EFT is a rapid way to eradicate negative emotions. You can perform EFT, any time and anywhere when you feel out of control. When you are feeling upset, and especially if you are crying, the body tightens, and you may experience tension in your stomach, neck or shoulders. This results in restricted breathing.

Begin by taking a deep breath to rate how distressed you are from 1 to 10. The deepest, most satisfying breath you are capable of is rated 10. Anything below an 8 indicates that you need this quick grief reduction treatment.

1. Take a deep breath. Rate the depth and pleasure of your breath from 1 to 10.

2. If your rating is 8 or less, rub or tap along the outer edge of your hand below the little finger and say this 3 times: Even though my breath is constricted, I am releasing grief and tension now.
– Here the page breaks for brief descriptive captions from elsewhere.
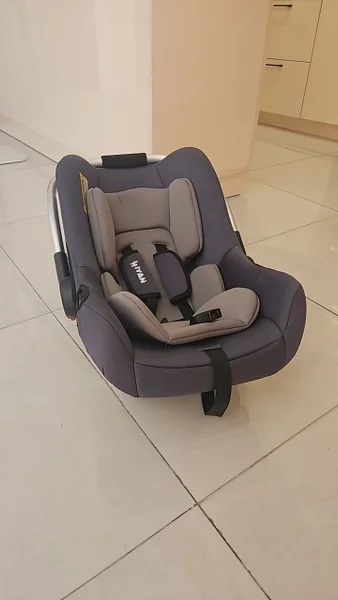 автокресло 0+, до 13 кг. Состояние отличное.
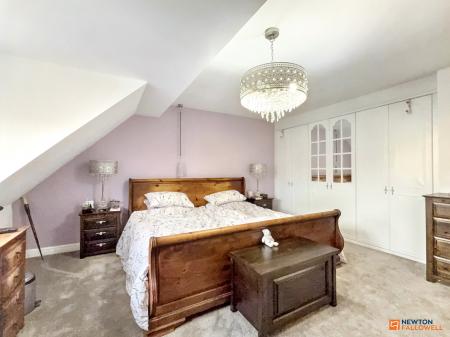 4 bedroom Detached house for sale in Buckingham Road, Coalville, LE67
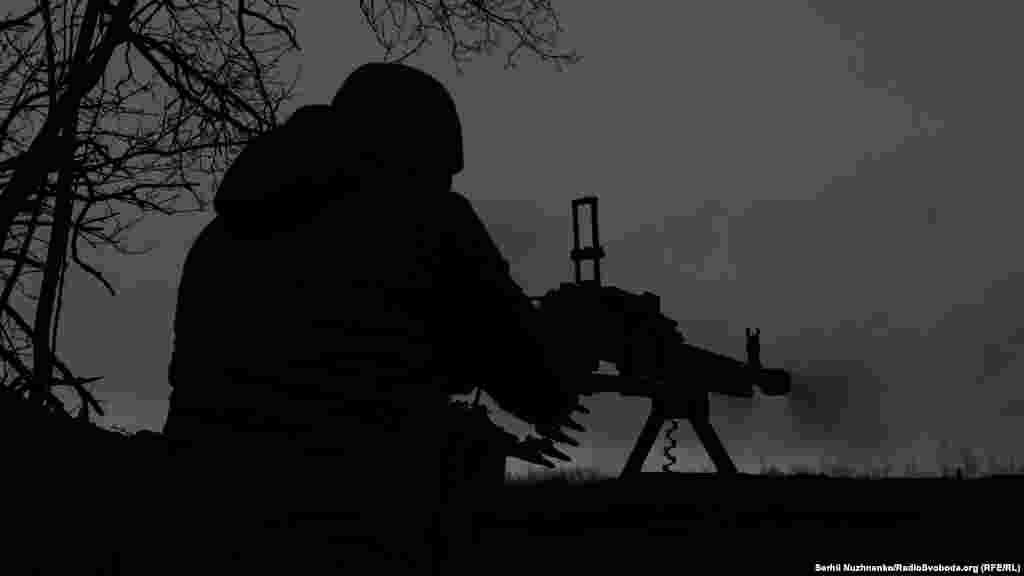 Піхотинці ЗСУ – це перша ланка, яка із кулеметами та гранатометами зустрічає російську армію під Соледаром. Саме від них часто залежить, чи вдасться окупаційним силам просунутися вглиб України. 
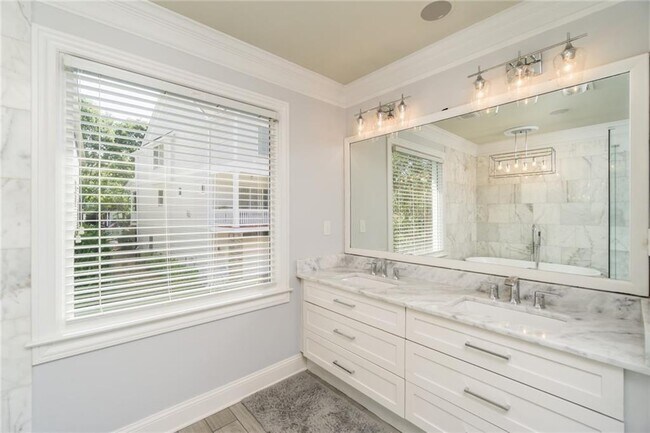 Building Photo - 1677 Barfield Run NW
3. Using your index and middle finger, gently tap or touch the following acupressure points for only 3 seconds while you say or think, I’m releasing this sadness.

  • The inner edge of the eyebrow near the nose,
  • The outside edge of the eye socket,
  • Under the lower lid of the eye,
  • Under the nose,
  • Under the lower lip,
  • Under the collarbone,
  • On the side of the body about 4 inches under the armpit.

4. Take a deep breath and rate how satisfying it feels again.

Keep doing steps 2 and 3 until you are breathing deeply and pleasurably. You will notice that as your breathing deepens you will also feel calmer.

Since Anna could not stop crying at first, I asked her to start tapping the energy points as she told me what had happened. As she talked and tapped each point she gradually stopped crying and was able to talk clearly. By the end of her tale she was calm although still very sad. Overall she felt great relief.

Do this exercise one or more times a day to calm yourself any time you feel as if your despair is too much to bear.